Il lavoro agile, come abbiamo sempre cercato di sottolineare, contribuisce positivamente anche
all’ambiente, contribuendo a un calo delle emissioni di CO2 di 480 chilogrammi a persona ogni anno grazie alla riduzione degli spostamenti e all’uso limitato degli uffici (anche solo per due giorni di lavoro ogni settimana). Riguardo all’impatto sul mercato immobiliare, inoltre, è stato dimostrato che il 14% dei lavoratori da remoto ha cambiato o considera l’idea di cambiare casa, spesso optando per zone periferiche o piccole città in cerca di uno stile di vita diverso, generando così un effetto positivo su varie aree del paese.

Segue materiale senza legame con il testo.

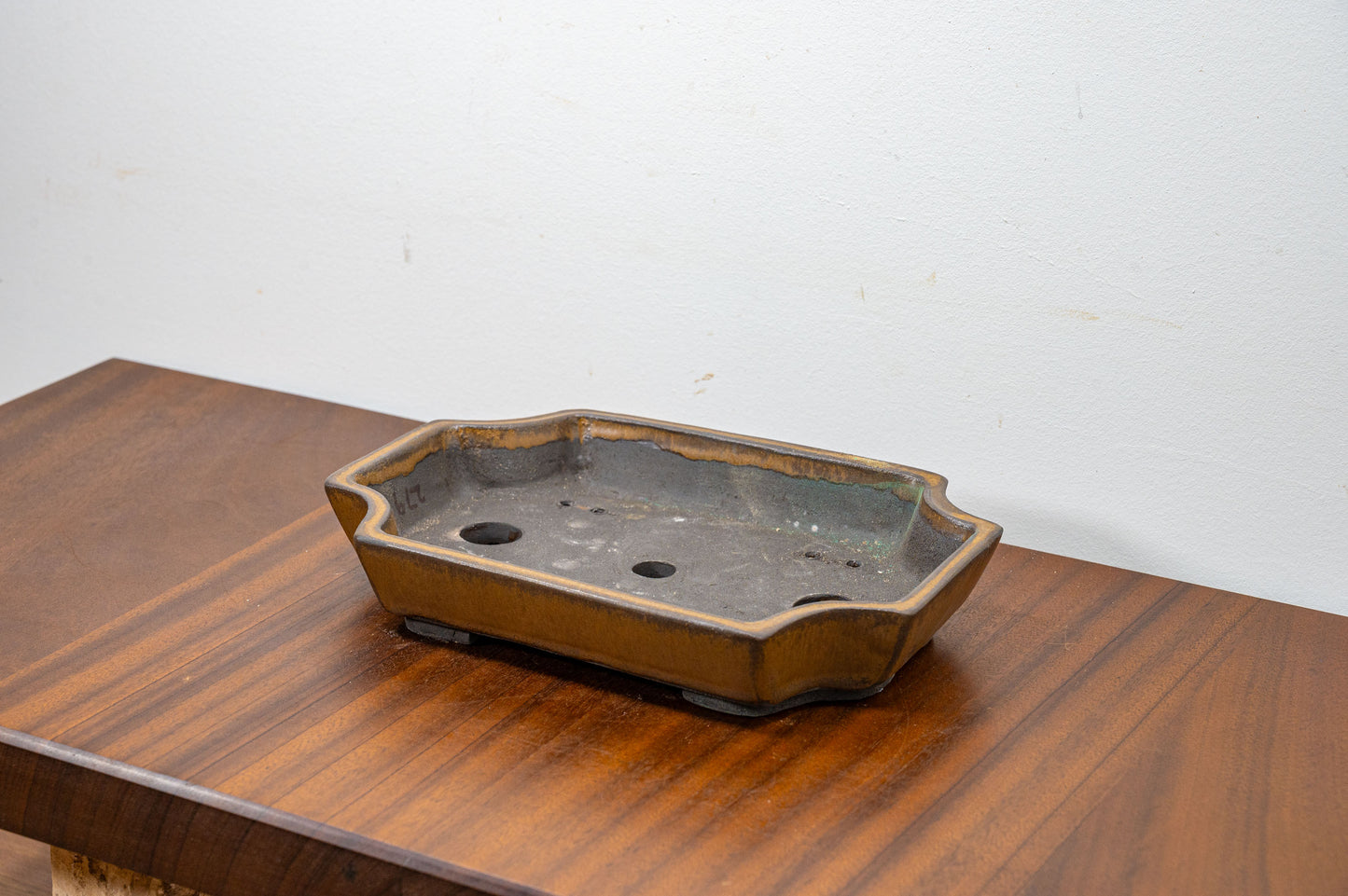 Venus Brown - Black Clay Rectangular  Ceramic Bonsai Pot 23cm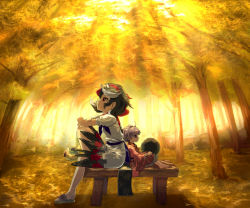 Rule 34 | 2girls, autumn, autumn leaves, back-to-back, barefoot, bench, black hair, bowl, cone horns, dress, floral print, forest, from side, hat, horns, japanese clothes, kijin seija, kimono, long sleeves, mini person, minigirl, miracle mallet, multicolored hair, multiple girls, nature, oni horns, print dress, puffy short sleeves, puffy sleeves, purple eyes, purple hair, red eyes, sash, short sleeves, sitting, streaked hair, sukuna shinmyoumaru, sunlight, syope, touhou, unworn hat, unworn headwear, wide sleeves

Certo non tutto il sistema funziona alla perfezione. Innanzitutto, il lavoro remoto non sempre si traduce in modelli genuinamente “smart”. E solo i veri lavoratori agili, coloro che non solo lavorano da remoto ma dispongono anche di una flessibilità di orario e lavorano per obiettivi, mostrano livelli superiori di benessere ed engagement rispetto ai lavoratori tradizionali.
Né si può sorvolare sul fatto che, all’interno di molte realtà, lo smart working è ancora visto con sospetto. Mariano Corso, responsabile scientifico dell’Osservatorio smart working del Politecnico, sostiene infatti che “C’è una certa schizofrenia perché in diverse realtà vige ancora una certa cultura del sospetto per cui si obbligano le persone a lavorare in presenza il lunedì e il venerdì”. Ragion per cui occorre prima scardinare questo “vecchio” modo di approcciarsi allo smart per potere fare progressi e seguire il virtuoso esempio di aziende come Assicurazioni Generali. Modelli cioè in cui il lavoro in azienda viene
alternato a quello da remoto (a cui è sempre più spesso dedicata la giornata di venerdì).
Work-life balance, modello ibrido, coworking, sostenibilità ambientale. Tutti concetti su cui NotOnlyDesk ha sempre puntato e cercato di approfondire. In attesa di ulteriori aggiornamenti e di un futuro sempre più smart.